::: Available data

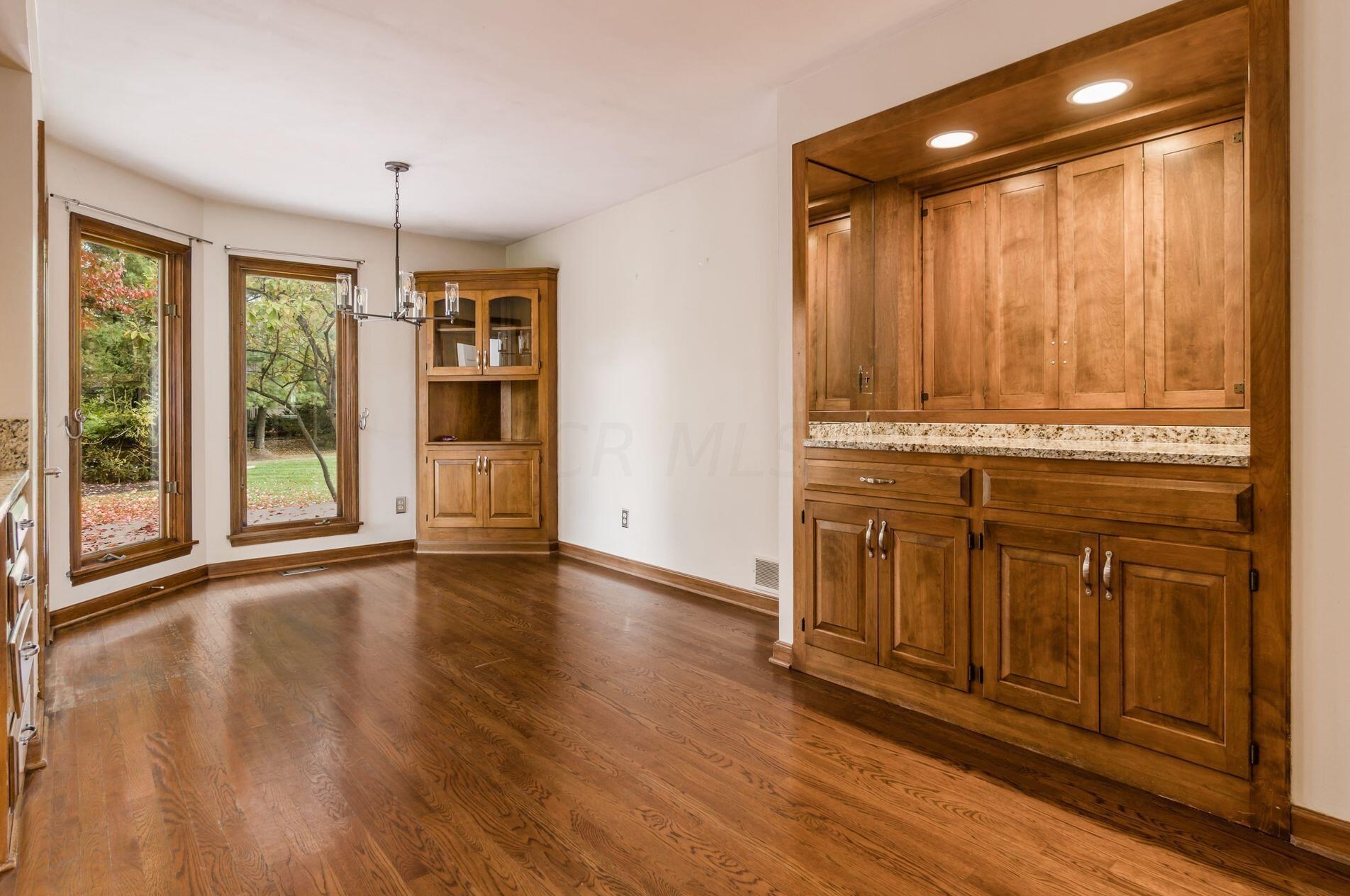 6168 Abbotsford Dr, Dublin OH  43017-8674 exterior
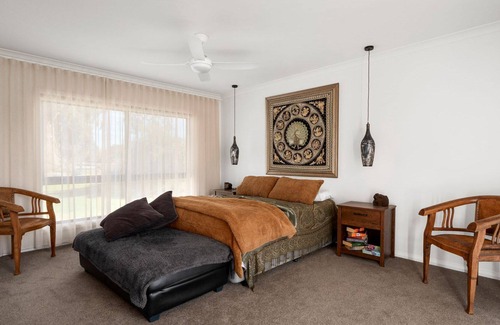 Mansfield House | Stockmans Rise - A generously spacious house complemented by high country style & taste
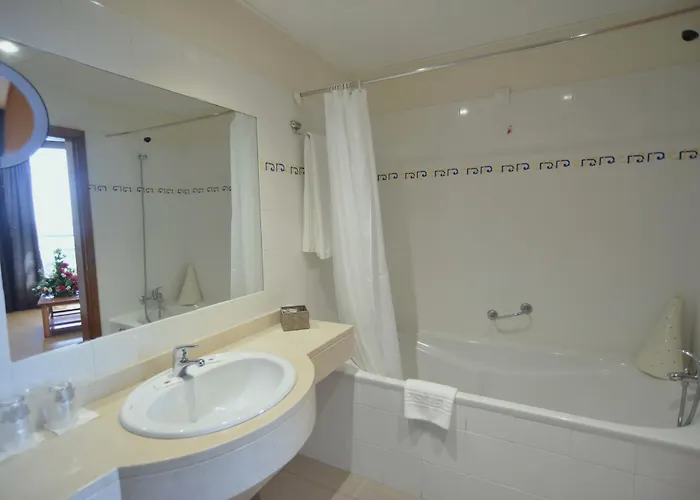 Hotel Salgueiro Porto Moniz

::::::
::: Available data

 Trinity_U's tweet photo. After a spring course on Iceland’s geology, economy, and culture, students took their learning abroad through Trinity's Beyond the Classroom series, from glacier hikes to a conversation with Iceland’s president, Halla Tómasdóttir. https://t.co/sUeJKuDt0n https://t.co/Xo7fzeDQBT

::::::

In the data above, the stretch from the line with "6168 Abbotsford Dr, Dublin" through the line with "Hotel Salgueiro Porto Moniz" is to be returned exactly, minus any pictures.

## Task solution
 6168 Abbotsford Dr, Dublin OH  43017-8674 exterior
 Mansfield House | Stockmans Rise - A generously spacious house complemented by high country style & taste
 Hotel Salgueiro Porto Moniz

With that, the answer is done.